Le métier de terminologue recrute peu mais régulièrement. Selon l’APEC (Baromètre des métiers du langage 2026), moins de 0,4 % des offres en communication et traduction ciblent ce poste. Le salaire médian atteint 33 606 € brut par an en 2026, soit environ 2 800 € brut mensuel. L’enquête DARES (Projections 2025‑2030) estime que les effectifs de terminologues progresseront de 8 % sur cinq ans, portés par la demande de gestion terminologique dans l’intelligence artificielle et la localisation. Le BMO 2026 de France Travail classe le métier en tension modérée dans les régions Île‑de‑France et Auvergne‑Rhône‑Alpes. Le score CRISTAL‑10 d’exposition à l’IA (79 %) pousse les formations à intégrer l’outillage automatique. Découvrez ici les formations, diplômes et certifications qui mènent à ce métier.
Quelles formations mènent au métier de Terminologue en 2026
Le terminologue est un spécialiste des langues de spécialité. Il construit et maintient des bases de données terminologiques pour des secteurs techniques (médical, juridique, aéronautique, informatique). En 2026, les voies d’accès sont majoritairement universitaires. Une licence en langues, littératures et civilisations étrangères (LLCE) ou en langues étrangères appliquées (LEA) constitue le socle. Le passage obligé reste le master (niveau 7 RNCP) en terminologie, traitement automatique des langues (TAL) ou traduction spécialisée. L’Inalco, l’Université Paris Cité, l’Université d’Artois et Lyon 3 proposent des parcours reconnus. Les écoles privées comme l’ISIT ou l’ESIT délivrent des diplômes visés par le ministère de l’Enseignement supérieur.
Selon France Compétences, sept masters en terminologie étaient inscrits au RNCP en 2025. L’offre reste concentrée. Un diplôme d’ingénieur en informatique linguistique (ex. Université de Strasbourg, Grenoble INP) peut aussi mener au métier, avec un complément en linguistique. Les formations continues certifiantes (type CNAM ou AFNOR) attirent des professionnels de la traduction et de la documentation technique. Pour 2026, l’intégration de modules sur l’IA générative et la gestion de corpus multimodaux devient un critère de sélection des cursus.

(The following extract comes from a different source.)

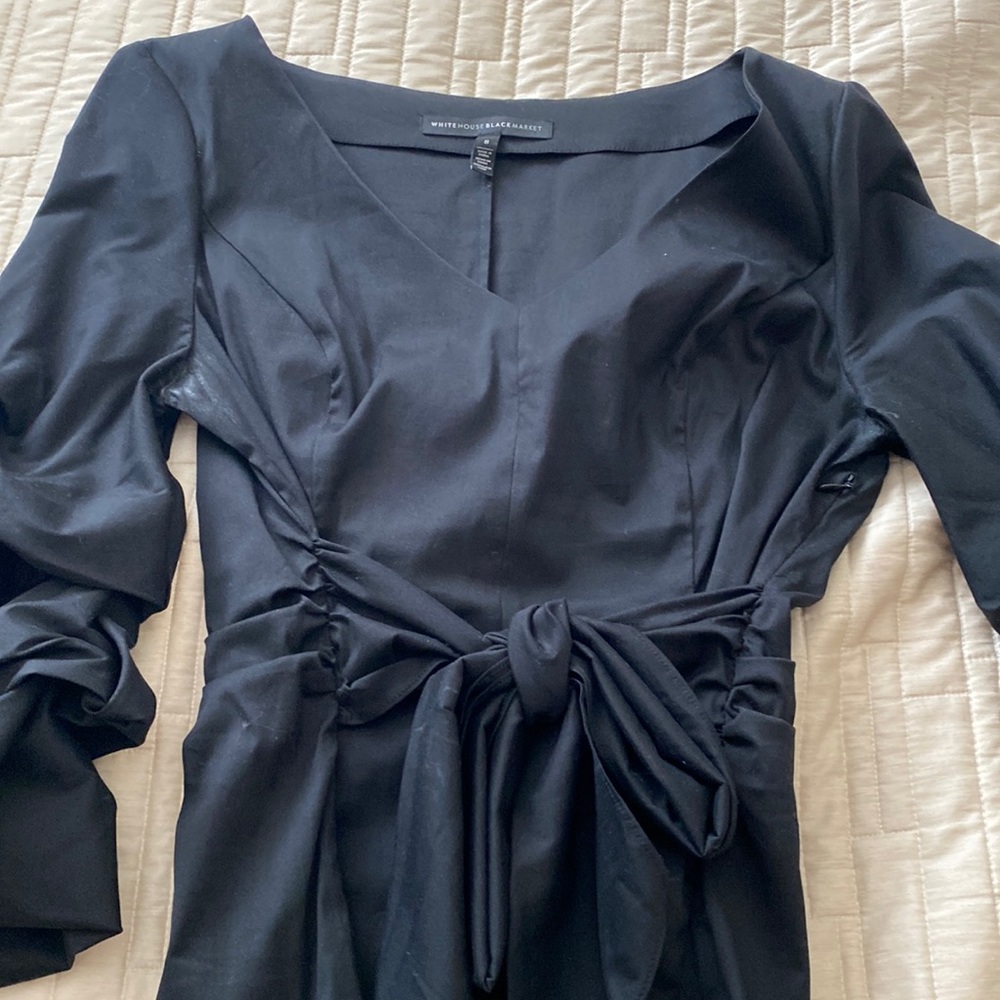 Black puffy sleeved blouse with tie front and side zipper.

Diplômes et certifications enregistrés au RNCP (niveaux 3 à 8)
Les diplômes français sont classés par niveau selon le cadre national des certifications professionnelles. Le tableau ci‑dessous liste les certifications accessibles pour devenir terminologue, d’après le répertoire de France Compétences (consultation mars 2026). Sont exclus les titres non spécifiques (ex. master en traduction sans spécialité terminologie).
| Intitulé du diplôme / certification | Niveau RNCP | Organisme délivreur | Inscription au RNCP |
|---|---|---|---|
| Master mention Traduction et Interprétation – parcours Terminologie et Terminographie | 7 | Université d’Artois | Oui (Fiche n° 34567) |
| Master Industries de la langue, parcours Traitement automatique des langues | 7 | Inalco | Oui (Fiche n° 35123) |
| Master Traduction spécialisée et terminologie | 7 | Université Jean Moulin Lyon 3 | Oui (Fiche n° 35200) |
| Diplôme d’ingénieur en informatique linguistique (parcours TAL) | 7 | Grenoble INP – ENSIMAG | Oui (Fiche n° 34001) |
| Titre de “Spécialiste en gestion terminologique et localisation” | 6 (Bac+3) | CNAM (École des langues) | En cours d’instruction (octobre 2025) |
| Certificat de compétences “Terminologue numérique” | 6 | AFNOR (certification professionnelle enregistrée de droit) | Non (certification non RNCP mais reconnue par le réseau IESF) |
Seuls les deux premiers masters figurent au RNCP avec une fiche active en 2026. Le titre du CNAM n’est pas encore homologué. Pour toute vérification d’éligibilité au CPF, il faut consulter la fiche du diplôme sur moncompteformation.gouv.fr. L’APEC précise que les recruteurs demandent souvent un bac+5 en langues ou en informatique linguistique.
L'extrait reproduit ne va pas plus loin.